- EXERCISE DATA:
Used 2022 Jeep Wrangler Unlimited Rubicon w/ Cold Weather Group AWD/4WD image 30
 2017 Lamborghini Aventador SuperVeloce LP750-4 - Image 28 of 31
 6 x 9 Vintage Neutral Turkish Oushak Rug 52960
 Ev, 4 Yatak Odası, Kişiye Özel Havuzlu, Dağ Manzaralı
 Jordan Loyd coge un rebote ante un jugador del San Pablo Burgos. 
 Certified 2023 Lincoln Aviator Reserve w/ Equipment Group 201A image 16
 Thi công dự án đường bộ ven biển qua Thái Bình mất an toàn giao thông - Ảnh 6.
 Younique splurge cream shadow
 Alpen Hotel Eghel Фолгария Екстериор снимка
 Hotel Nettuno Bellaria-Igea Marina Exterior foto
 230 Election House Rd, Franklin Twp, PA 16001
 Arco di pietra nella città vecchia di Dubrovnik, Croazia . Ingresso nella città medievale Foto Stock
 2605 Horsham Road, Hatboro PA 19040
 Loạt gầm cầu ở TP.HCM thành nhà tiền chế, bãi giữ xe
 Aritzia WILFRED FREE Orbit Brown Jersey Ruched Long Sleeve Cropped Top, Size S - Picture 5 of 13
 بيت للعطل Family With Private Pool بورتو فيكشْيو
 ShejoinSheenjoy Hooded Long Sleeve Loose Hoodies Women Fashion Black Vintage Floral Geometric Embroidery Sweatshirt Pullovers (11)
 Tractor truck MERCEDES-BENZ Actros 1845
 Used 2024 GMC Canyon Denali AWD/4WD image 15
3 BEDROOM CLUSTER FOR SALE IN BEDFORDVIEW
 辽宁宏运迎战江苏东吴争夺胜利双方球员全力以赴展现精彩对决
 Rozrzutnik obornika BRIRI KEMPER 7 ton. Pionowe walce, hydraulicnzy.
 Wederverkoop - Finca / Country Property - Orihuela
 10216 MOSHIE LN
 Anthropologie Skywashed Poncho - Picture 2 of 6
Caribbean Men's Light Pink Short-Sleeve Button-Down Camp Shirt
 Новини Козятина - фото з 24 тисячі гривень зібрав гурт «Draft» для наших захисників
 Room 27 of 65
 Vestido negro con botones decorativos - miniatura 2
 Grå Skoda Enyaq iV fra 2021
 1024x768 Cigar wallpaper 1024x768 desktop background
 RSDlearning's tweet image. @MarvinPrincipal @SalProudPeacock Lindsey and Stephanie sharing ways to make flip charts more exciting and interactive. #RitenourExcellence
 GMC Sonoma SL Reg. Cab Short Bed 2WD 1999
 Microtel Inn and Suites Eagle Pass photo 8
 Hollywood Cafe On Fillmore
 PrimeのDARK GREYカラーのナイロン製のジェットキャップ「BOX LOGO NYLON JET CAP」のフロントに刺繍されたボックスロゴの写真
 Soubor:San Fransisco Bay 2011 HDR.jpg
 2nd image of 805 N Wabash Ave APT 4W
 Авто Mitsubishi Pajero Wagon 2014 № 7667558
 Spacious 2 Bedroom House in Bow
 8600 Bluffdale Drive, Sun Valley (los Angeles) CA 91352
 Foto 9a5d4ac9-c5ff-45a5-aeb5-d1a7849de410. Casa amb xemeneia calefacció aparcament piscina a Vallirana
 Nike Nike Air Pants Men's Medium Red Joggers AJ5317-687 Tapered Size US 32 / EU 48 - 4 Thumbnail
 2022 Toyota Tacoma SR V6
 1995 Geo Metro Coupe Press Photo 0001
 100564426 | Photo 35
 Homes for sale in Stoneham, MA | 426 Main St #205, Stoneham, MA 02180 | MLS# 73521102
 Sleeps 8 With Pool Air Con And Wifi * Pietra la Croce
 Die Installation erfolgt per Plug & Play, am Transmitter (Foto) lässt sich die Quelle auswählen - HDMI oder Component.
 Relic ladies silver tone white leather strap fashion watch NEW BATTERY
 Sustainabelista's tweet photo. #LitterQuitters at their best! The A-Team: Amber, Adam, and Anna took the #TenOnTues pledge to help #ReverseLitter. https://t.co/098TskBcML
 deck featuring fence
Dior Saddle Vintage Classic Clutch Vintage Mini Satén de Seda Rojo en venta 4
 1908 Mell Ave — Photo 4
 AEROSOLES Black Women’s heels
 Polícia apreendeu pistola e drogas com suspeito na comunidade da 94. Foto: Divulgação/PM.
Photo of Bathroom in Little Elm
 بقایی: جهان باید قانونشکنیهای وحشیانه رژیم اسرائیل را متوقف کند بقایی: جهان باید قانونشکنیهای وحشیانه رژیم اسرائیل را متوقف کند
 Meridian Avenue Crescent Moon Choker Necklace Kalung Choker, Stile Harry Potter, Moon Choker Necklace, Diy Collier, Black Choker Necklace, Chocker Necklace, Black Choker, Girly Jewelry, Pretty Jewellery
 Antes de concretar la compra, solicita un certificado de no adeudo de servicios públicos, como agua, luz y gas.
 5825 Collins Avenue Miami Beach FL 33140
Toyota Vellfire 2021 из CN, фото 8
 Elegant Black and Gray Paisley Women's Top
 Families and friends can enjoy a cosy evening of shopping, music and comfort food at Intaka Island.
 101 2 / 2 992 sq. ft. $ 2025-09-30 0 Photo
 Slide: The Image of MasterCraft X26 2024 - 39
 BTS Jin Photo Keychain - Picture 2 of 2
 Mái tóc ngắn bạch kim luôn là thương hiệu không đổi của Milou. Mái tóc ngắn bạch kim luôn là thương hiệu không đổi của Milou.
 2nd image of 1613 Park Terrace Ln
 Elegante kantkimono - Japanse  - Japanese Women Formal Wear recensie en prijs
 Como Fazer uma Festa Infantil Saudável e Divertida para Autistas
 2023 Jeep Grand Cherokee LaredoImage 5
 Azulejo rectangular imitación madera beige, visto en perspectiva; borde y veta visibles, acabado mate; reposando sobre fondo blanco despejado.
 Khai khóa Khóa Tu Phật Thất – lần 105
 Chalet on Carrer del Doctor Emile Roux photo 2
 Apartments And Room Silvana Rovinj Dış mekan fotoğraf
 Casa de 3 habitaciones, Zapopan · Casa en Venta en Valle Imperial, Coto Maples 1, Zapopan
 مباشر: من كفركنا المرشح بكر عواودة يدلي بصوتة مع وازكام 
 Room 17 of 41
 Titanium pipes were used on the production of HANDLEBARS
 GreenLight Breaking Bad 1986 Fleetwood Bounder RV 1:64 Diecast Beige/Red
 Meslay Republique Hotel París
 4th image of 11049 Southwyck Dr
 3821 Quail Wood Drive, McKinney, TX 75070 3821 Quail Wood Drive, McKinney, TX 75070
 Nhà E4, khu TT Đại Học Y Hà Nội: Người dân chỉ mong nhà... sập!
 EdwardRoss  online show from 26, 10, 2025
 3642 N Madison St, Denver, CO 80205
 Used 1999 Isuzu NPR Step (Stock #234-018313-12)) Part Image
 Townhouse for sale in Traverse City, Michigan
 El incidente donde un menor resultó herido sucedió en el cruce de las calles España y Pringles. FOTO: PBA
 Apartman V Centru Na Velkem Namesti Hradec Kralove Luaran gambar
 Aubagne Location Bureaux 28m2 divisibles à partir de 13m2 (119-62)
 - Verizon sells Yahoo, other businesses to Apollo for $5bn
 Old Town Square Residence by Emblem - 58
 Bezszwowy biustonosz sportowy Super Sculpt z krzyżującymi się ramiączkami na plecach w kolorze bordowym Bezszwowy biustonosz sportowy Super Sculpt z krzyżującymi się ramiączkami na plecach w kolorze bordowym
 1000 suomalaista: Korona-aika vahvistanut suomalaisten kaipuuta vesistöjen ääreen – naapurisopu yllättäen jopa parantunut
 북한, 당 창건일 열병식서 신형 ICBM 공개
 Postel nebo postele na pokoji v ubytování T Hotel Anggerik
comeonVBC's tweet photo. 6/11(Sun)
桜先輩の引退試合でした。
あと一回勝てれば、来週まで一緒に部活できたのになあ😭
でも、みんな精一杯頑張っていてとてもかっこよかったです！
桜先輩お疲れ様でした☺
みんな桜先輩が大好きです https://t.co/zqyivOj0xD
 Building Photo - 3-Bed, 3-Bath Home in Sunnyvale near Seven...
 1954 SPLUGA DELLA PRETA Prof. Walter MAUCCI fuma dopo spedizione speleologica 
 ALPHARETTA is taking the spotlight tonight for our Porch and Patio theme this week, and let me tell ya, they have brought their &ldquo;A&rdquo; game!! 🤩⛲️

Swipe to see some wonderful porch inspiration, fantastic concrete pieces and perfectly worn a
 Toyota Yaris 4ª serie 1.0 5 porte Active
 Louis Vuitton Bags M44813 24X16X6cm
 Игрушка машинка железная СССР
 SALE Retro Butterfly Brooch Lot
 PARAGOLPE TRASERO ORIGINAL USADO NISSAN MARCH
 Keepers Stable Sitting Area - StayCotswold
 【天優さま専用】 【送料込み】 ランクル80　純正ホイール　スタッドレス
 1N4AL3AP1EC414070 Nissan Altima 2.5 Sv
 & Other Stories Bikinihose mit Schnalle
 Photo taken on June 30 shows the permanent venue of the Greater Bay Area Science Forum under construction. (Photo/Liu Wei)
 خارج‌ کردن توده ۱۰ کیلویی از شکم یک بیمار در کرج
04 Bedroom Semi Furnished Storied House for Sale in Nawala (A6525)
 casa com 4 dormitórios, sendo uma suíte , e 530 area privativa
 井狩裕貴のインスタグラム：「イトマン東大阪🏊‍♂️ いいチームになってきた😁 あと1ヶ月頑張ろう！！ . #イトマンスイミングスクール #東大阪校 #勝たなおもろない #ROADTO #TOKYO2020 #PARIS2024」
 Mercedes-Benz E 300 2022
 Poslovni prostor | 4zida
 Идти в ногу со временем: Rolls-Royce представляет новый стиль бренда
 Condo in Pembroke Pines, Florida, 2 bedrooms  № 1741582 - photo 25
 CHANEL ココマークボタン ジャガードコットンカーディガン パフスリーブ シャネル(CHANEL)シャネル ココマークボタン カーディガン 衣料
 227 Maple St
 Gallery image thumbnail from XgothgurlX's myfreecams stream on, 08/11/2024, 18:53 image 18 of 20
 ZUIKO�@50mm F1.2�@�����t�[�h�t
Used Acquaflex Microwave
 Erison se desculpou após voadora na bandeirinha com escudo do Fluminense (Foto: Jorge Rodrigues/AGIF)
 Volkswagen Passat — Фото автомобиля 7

- TASK REQUIREMENTS:
Reproduce, word for word and in full, only the lines above that start at the line with "بيت للعطل Family" and run through the line with "Caribbean Men's Light", both ends included.

- RESPONSE:
 بيت للعطل Family With Private Pool بورتو فيكشْيو
 ShejoinSheenjoy Hooded Long Sleeve Loose Hoodies Women Fashion Black Vintage Floral Geometric Embroidery Sweatshirt Pullovers (11)
 Tractor truck MERCEDES-BENZ Actros 1845
 Used 2024 GMC Canyon Denali AWD/4WD image 15
3 BEDROOM CLUSTER FOR SALE IN BEDFORDVIEW
 辽宁宏运迎战江苏东吴争夺胜利双方球员全力以赴展现精彩对决
 Rozrzutnik obornika BRIRI KEMPER 7 ton. Pionowe walce, hydraulicnzy.
 Wederverkoop - Finca / Country Property - Orihuela
 10216 MOSHIE LN
 Anthropologie Skywashed Poncho - Picture 2 of 6
Caribbean Men's Light Pink Short-Sleeve Button-Down Camp Shirt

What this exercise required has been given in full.